Der metallische Geschmack in Azurs Mund aber warnte sie vor dem, was gleich folgen würde und was sich nicht durch bloßen Willen abwenden ließ. Noch eben war sie mit leicht von sich gestreckten Armen durch die Schwärze getaumelt, im nächsten Augenblick stieß sie mit jemandem zusammen. Wie eine Falle zuschnappt, schnell und erbarmungslos, wurde sie gepackt und war nicht imstande, sich zu befreien, so sehr sie sich auch wehrte. Sie spürte die bestialische Kraft, mit der jemand sie an sich drückte und sie bewegungsunfähig machte. Panisch schnappte sie nach Luft, ein stummer Fisch auf dem Trockenen. In ihrem Mund wurde der Blutgeschmack so unerträglich, dass sie daran zu ertrinken glaubte.

„Du bist also die Auserwählte, von der die Sonnenanbeter sich so viel versprechen.“, sagte eine sonore Stimme und ließ Azur eine Gänsehaut über den Rücken kriechen. Ihr Herz klopfte so schnell, als wolle es sich aus ihrer Brust befreien, wie sie wäre es gern davongelaufen, und ihr Bauch fühlte sich an, als sei er mit Blei gefüllt.

Plötzlich vernahm sie ein Rauschen, von dem sie beinahe vergessen hatte, dass es in ihrer Vision vorgekommen war. Sie hob den Kopf, soweit ihr das in der festen Umklammerung möglich war, und erspähte eine gigantische Feuerfront, die über den Himmel auf sie zukam. Ein erneutes sinnloses Aufbegehren ihrerseits verstärkte den Griff ihres Gegners. „Langsam, Mädchen. Wenn du ohnmächtig wirst, verpasst du das Beste.“

Weinend ob ihrer Machtlosigkeit, beobachtete sie, wie die Feuerfront näher rückte und sich aus dem riesigen Flammenmeer nach und nach einzelne Flämmchen herauslösten. Azur brauchte eine Weile, bis sie die direkt über ihnen schwebenden, geflügelten Wesen erkannte, welche furchterregende Klauen besaßen und Hörner, die mit kreisförmigem Schwung nach hinten gebogen auf ihrer Stirn prangten. Im Maul trugen sie brennende Holzscheite vor sich her.

„Gefallen sie dir?“, fragte ihr Angreifer, sodass sein Atem sich unangenehm in ihrem Nacken kräuselte. „Bei Nacht sind Gargoyles nahezu unbesiegbar.
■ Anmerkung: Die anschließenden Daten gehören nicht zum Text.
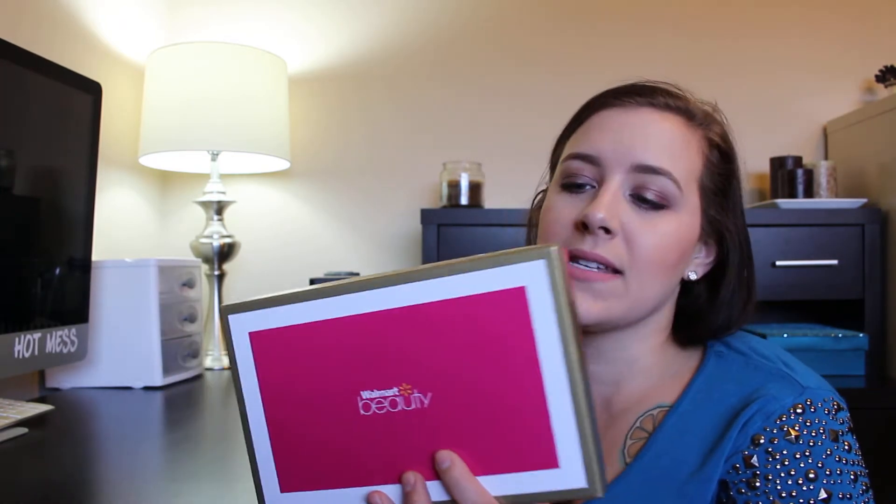The Walmart Beauty Box is a seasonal subscription box. It is only $5, so it's a great value — great bang for your buck. This is the spring box. They've kind of been upping their box. This is more of like a shoe box and it's really sturdy, and I really like it compared to their winter box.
Und wie es den Anschein hat, ist es Nacht in Seynako.“

Azur hatte keine Ahnung, was besagte Wesen sein mochten, aber sie war sich sicher, dass sie in diesem Moment eine große Gefahr für Alec und seine Männer darstellten. In Gedanken betete sie zu Sol dem Sonnengott, er möge die Sonne wieder scheinen und sie die fliegenden Kreaturen verbrennen lassen. Sol erhörte ihre Gebete nicht.

Unvermittelt ließ der Mann sie los, aber bevor sie sich in Bewegung setzen und retten konnte, packte eine Hand ihren Hals. „Du wirst tun, was ich dir sage. Oder das Land mit all seinen Menschen wird noch heute sich selbst verschlingen. Und was wird dann aus dir und dem Prinzen?“ Er brachte sein Gesicht sehr nah an ihres heran, sodass sie in dem schrecklichen Licht, das die brennenden Scheite erzeugten, seine Augen erkennen musste. Ein Blick hinein, der ihr das Gefühl gab, am Rand einer endlos tiefen Klippe zu stehen, und ihr Widerstand zerbröckelte zu Staub.

Nur eine einzige Geste seinerseits brachte die Gargoyles dazu, ihre Krallen zu öffnen.